Jbsay posted them earlier in the thread, but it's worth reading the judgements for the subtleties of what complaints were and weren't dismissed. Also there was a US Airways case where 8 Muslims were offloaded because of a jumpy passenger and FA, that case was dismissed despite the totally wrong-headed behaviour of the airline.
Originally Posted by
jbsay
Sure, but there are limits to this law. While the Federal Aviation Act (49 U.S.C. § 44902) provides that an airline “may refuse to transport a passenger or property the carrier decides is or might be inimical to safety," as the Ninth Circuit has explained, this section does not "render immune from liability a carrier whose decision to deny passage is unreasonably or irrationally formed." Cordero v. Cia Mexicana De Aviacion, S. A., 681 F.2d 669, 671 (9th Cir. 1982). An air carrier must "act reasonably in formulating opinions to deny passage" in order to enjoy immunity under § 44902.
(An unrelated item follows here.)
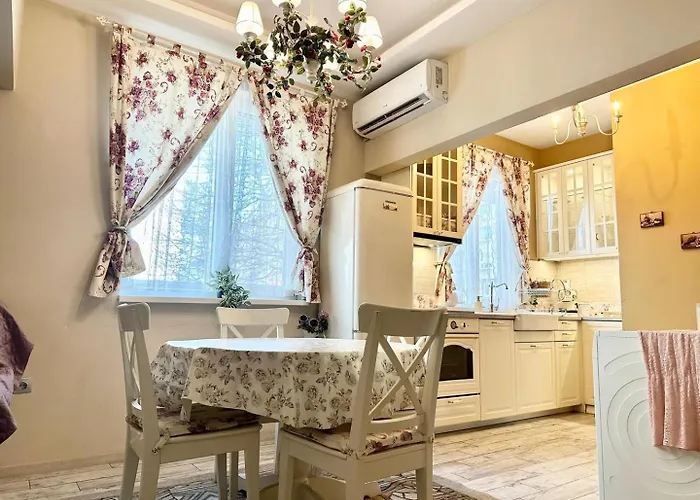 Cosy, 2bdr Flat In The Heart Of Old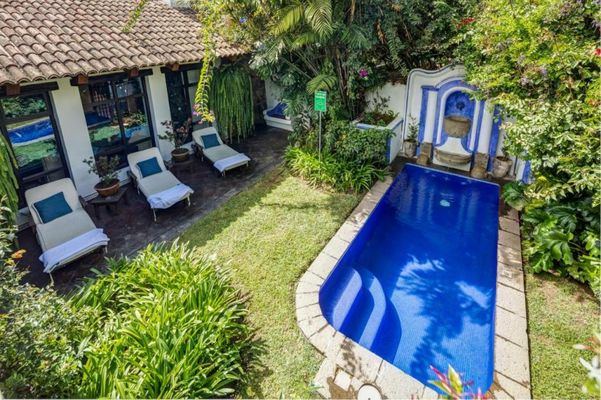 Casa Encantada by Porta Hotels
UA's refusal to transport Matthew because he took photos of the BF cabin is arbitrary and capricious, as passenger photography has no nexus to the safety of the flight or the operations of the crew members. Similarly, Matthew's explanation of his behavior to the FA cannot form the grounds of UA's refusal to transport him. As one federal judge put it, "[w]here no safety issue is reasonably implicated, even grouches have a right to gripe without being grounded." Schaeffer v. Cavallero, 54 F. Supp. 2d 350, 352 (S.D.N.Y. 1999). "If [a] passenger is excluded because the opinion of the pilot is arbitrary or capricious and not justified by any reason or rational appraisal of the facts, then the denial of passage is discriminatory." Cordero, 681 F.2d at 671.